- Born: Miranda Eleanor De Fonbrune Cooper 1975 (age 50–51)
- Origin: England
- Genres: Pop; dance-pop; electropop;
- Occupations: Singer; songwriter; record producer; dancer; television presenter;
- Instrument: Vocals;
- Years active: 1996–present

= Miranda Cooper =

English singer, songwriter (born 1975)

Miranda Cooper (born 1975) is an English singer, songwriter, record producer, dancer and television presenter. Miranda Cooper has worked in the music industry since 1996 when she gained her first recording contract. She worked as a professional dancer for artists such as Dannii Minogue before going into television presenting.

In 1997, Cooper met Brian Higgins, the founder of Kent-based songwriting and production team Xenomania. Miranda Cooper signed a deal with London Records under the alias Moonbaby, releasing the single "Here We Go" to little success, although it was used as the theme tune to the cartoon series Totally Spies! with some lyrics adjusted. Cooper started songwriting with Higgins, eventually finding commercial success and critical acclaim with their productions for Girls Aloud and Sugababes. Cooper has co-written for successful artists such as Alesha Dixon, Gabriella Cilmi and Kylie Minogue.

==Life and career==

===1996–2000: dancing, presenting, and recording===
Cooper found a passion for dancing and performing when she was nine years old. Cooper worked for as a backing dancer for Gina G, performing with her at the 1996 Eurovision Song Contest. She has also danced for Dannii Minogue and PJ and Duncan. Cooper later stopped dancing and went into television presenting. She gained her first record deal in 1996 as one half of the pop duo T-Shirt, alongside Chloé Treend. The duo signed to Warner Bros. Records, and their cover of Hot Chocolate's "You Sexy Thing" reached number five in New Zealand and number six in Australia.

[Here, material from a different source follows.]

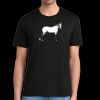 Super Soft Perfect Tri ® Tee Thumbnail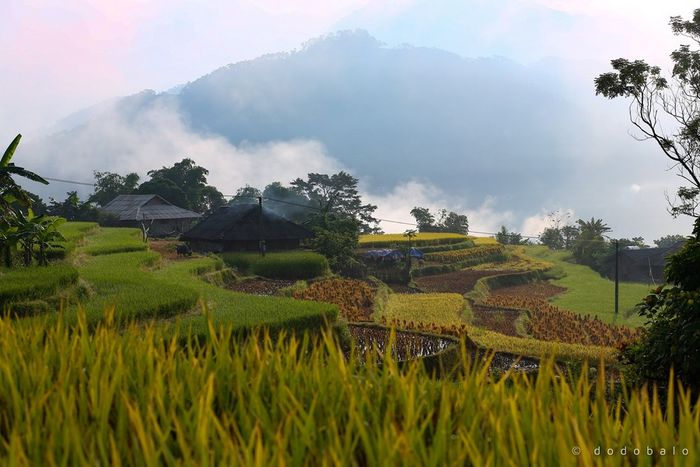 Đắm chìm vào Bản Phùng, nơi mang vẻ đẹp mê hồn người 7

Cooper was introduced to English record producer Brian Higgins by Saint Etienne members Bob Stanley and Pete Wiggs in the late 1990s. Cooper began recording music with him under the moniker Xenomania. "As soon as he played me some tracks, I thought 'This feels right.'" Thanks to a connection with Pete Tong, Cooper and Higgins were able to sign a deal with London Records. In 2000, Cooper was signed as a solo artist under the alias of Moonbaby. A four-track sampler was released, featuring the songs "Moonbaby", "Here We Go" (later recorded by Lene Nystrøm and Girls Aloud), "Deadlines and Diets" (later recorded by Girls Aloud), and "I'm Thru with Love" (later recorded by Alesha Dixon). "Here We Go" was due to be released as a single in June 2000, but the release fell through. The song later became the basis for the theme tune to the hit cartoon series Totally Spies! in 2001. The deal with London Records and Xenomania ultimately fell through.

===2001–present: songwriting and musical theatre===
Following the demise of their deal with London Records, Cooper and Higgins began writing and producing for other artists. Cooper has been described as the "chief lyricist" of Xenomania, who are based out of a converted mansion in Kent. Cooper co-wrote the lyrics for the song "Round Round" which became a number one hit for the Sugababes in 2002. Xenomania continued their commercial breakthrough by writing "Sound of the Underground" for Popstars: The Rivals winners Girls Aloud; the song spent four consecutive weeks at number one.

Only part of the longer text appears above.